The Tracer is the Hoka One One version of a lightweight performance trainer, retailing at $130. The Hoka brand is famous for their “maximalist” design, meaning thick, pillowy midsoles that somehow deliver a light weight. The Tracer, however, is slightly lower-slung and boasts a shoe weight in line with many racing flats. As one of the last minimalists standing, this is not really my typical shoe!
I have spent the last 10 years almost exclusively training in racing flats. My favorites include the Nike Streak LT and the Adidas Adios for distances all the way up through the marathon. However, I love to try new brands and have been pleasantly surprised before by some trainers, like the Sketchers Go Run (won at a race) and the Adidas Boston (suggested by a friend at the local running store), so I was open-minded when the Tracer arrived on my stoop.
I immediately slipped the Tracer on for my first run but had to pause the Garmin to deal with fit issues almost immediately. The right shoe particularly was slipping quite a bit in the heel area. I tightened the lacing system but the slipping persisted and it wasn’t until I had over 75 miles on the shoes that I finally got the right combination of lacing modification and tightness to eliminate the sloppy feel. The Tracer does seem to run a little long as well so perhaps going a half size smaller would solve this problem. I typically wear a 6.5, occasionally a 7, and would get a 6 next time!
I typically do a set of strides a few times a week whenever I get outside for a run but I was a bit hesitant to go faster in these shoes. They just didn’t feel fast despite the light weight (advertised as 6.9 oz in standard size 8). Maybe it was the chunkiness? But I was surprised later to read that the midsole height is really not too much different than the Adidas Boston, although the heel-toe drop is less. What it seems to be is that the midsole cushioning in the Tracer is much firmer and that, combined with being a touch too big, reduced my foot’s ability to flex and find my natural speedy stride, up on my forefoot.

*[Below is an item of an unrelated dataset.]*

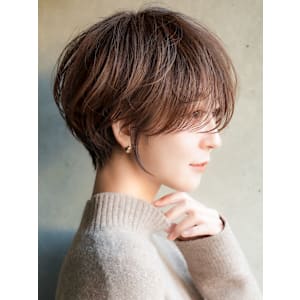 大人ショートボブ丸みショートカットマッシュショート前髪あり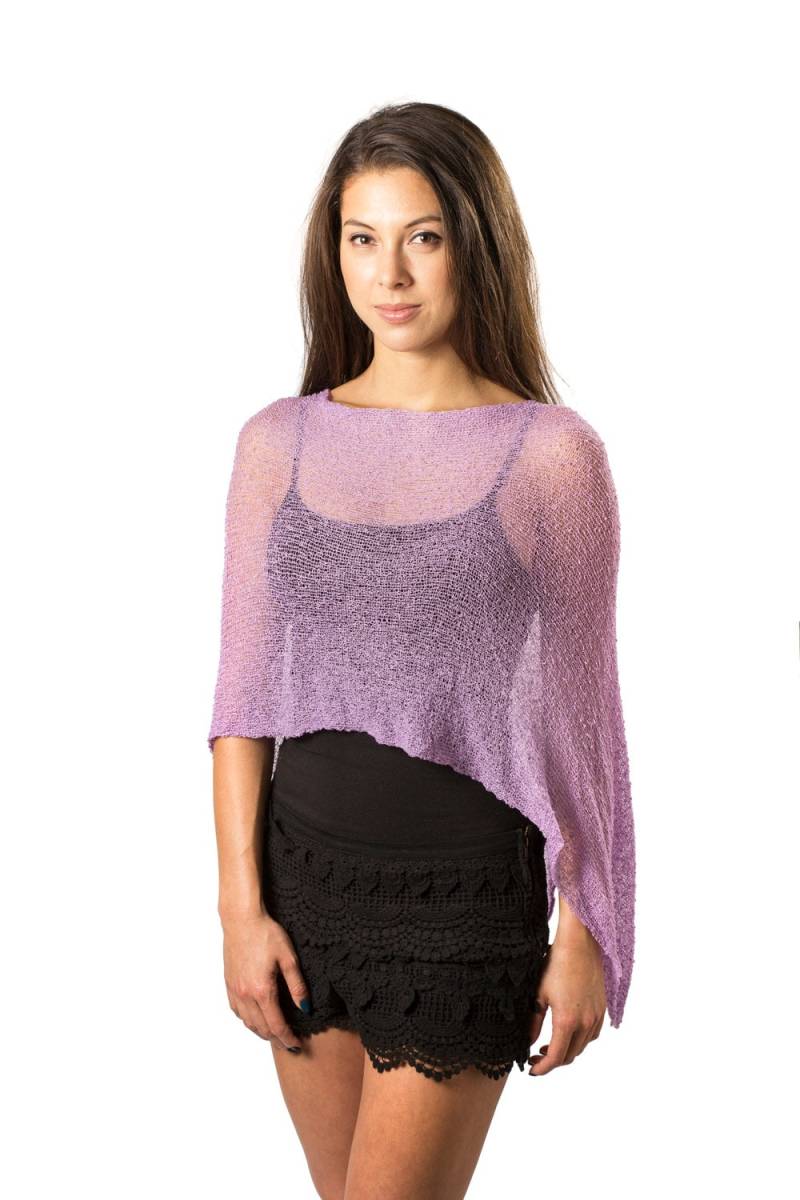 Lila Frauen Poncho, Sommer Infinity Boho Strand Resort Wear, Strick Schiere 50+ Farben Verfügbar, #67 von BaliPrema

I’ve now put 120 miles on the Tracer and overall it is a good shoe. I’m particularly pleased that they seem to be quite durable. My weak link is typically the outsole but it’s holding up well. The cushioning feels the same as it did day one and the upper shows no signs of wear – not even any visible dirt. This is great considering the price tag is slightly higher than many comparable shoes.
I will continue to lace up the Tracer on medium and short distance easy run days; I’m still not loving the lack of flexibility and ground-feel for speed and it takes some precise tightening for a firm fit for speed or long runs when everything needs to be perfect.
Bottom line: The Tracer is for you if you are looking for a featherweight shoe with significant cushioning. It would be better for the midfoot or heel-striking runner. Consider purchasing a half size smaller than your typical shoe for a better fit.
Have you tried the Hoka One One Tracer or a similar shoe?